**DESCRIPTION OF THE TASK:** Pictures stay out of the copy. Retype exactly the lines below from the one with "В Тверской области" through the one with "KITCHEN BASICS Storage Jar - 1.35L".

**DATA LISTING:**
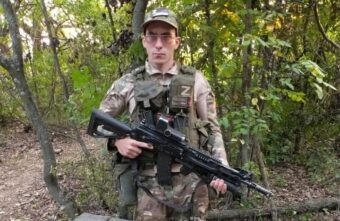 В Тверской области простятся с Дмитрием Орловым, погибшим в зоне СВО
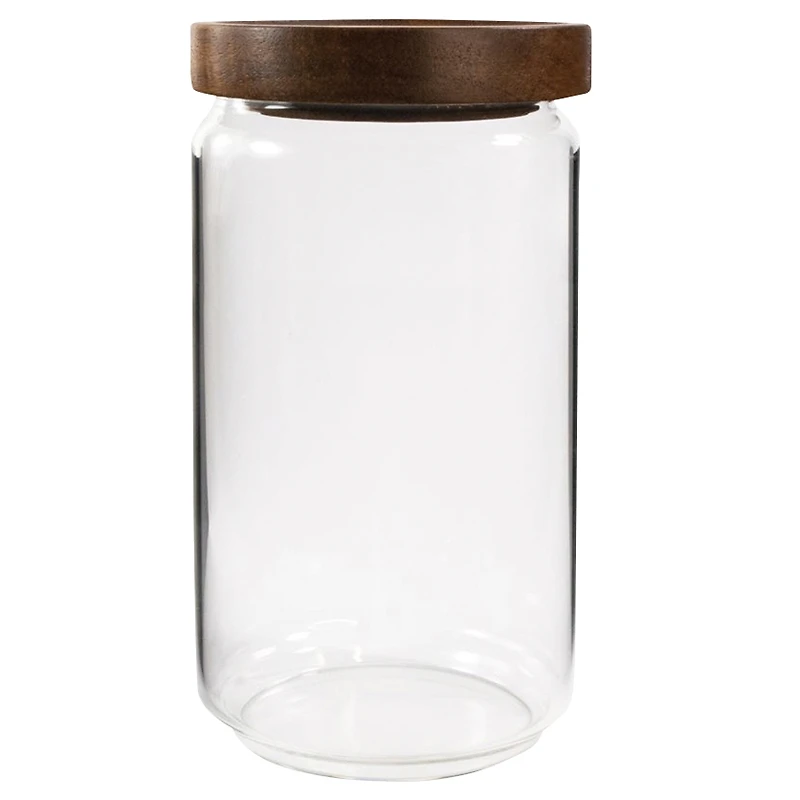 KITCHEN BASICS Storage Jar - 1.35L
* * *
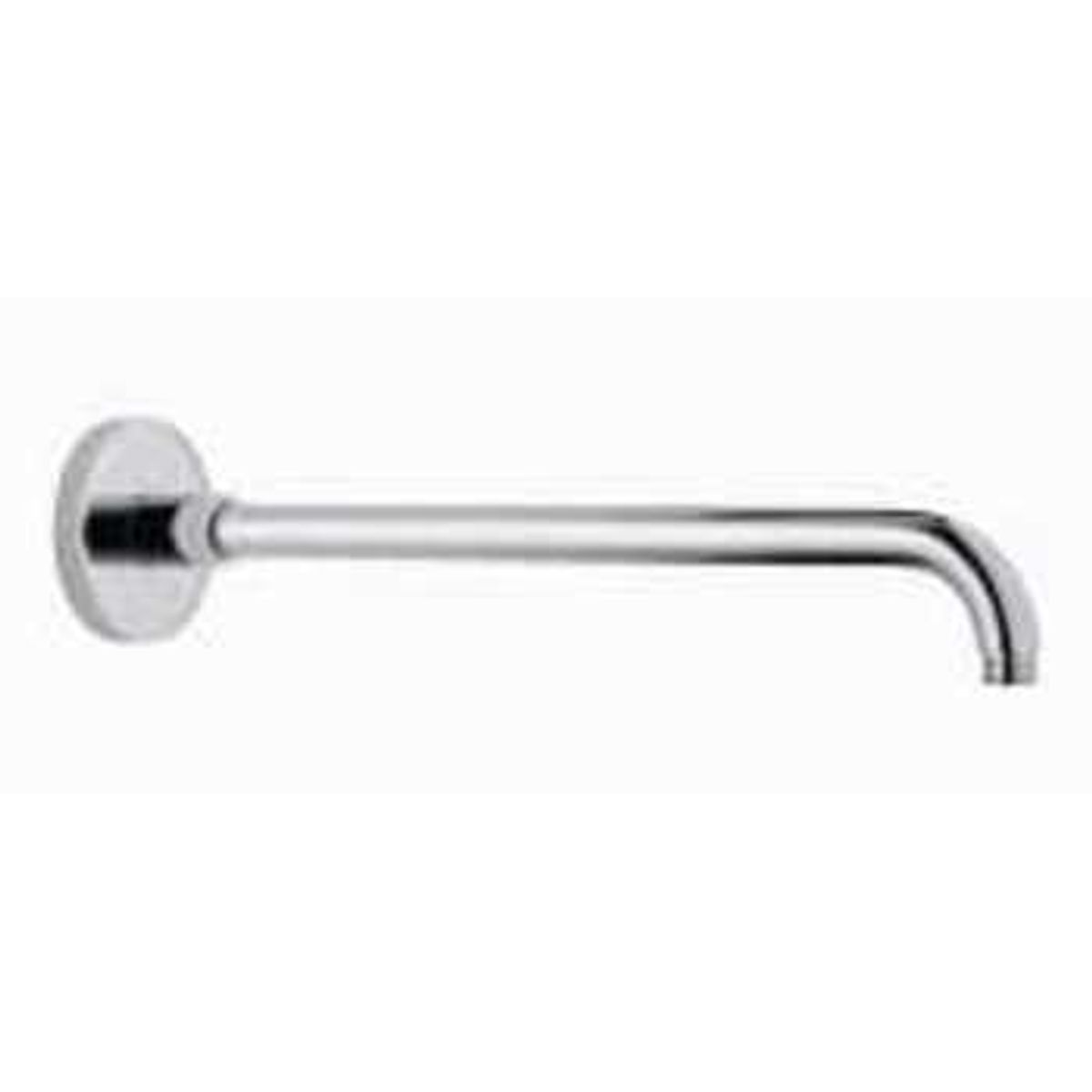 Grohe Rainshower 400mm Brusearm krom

**EXPECTED ANSWER:**
 В Тверской области простятся с Дмитрием Орловым, погибшим в зоне СВО
 KITCHEN BASICS Storage Jar - 1.35L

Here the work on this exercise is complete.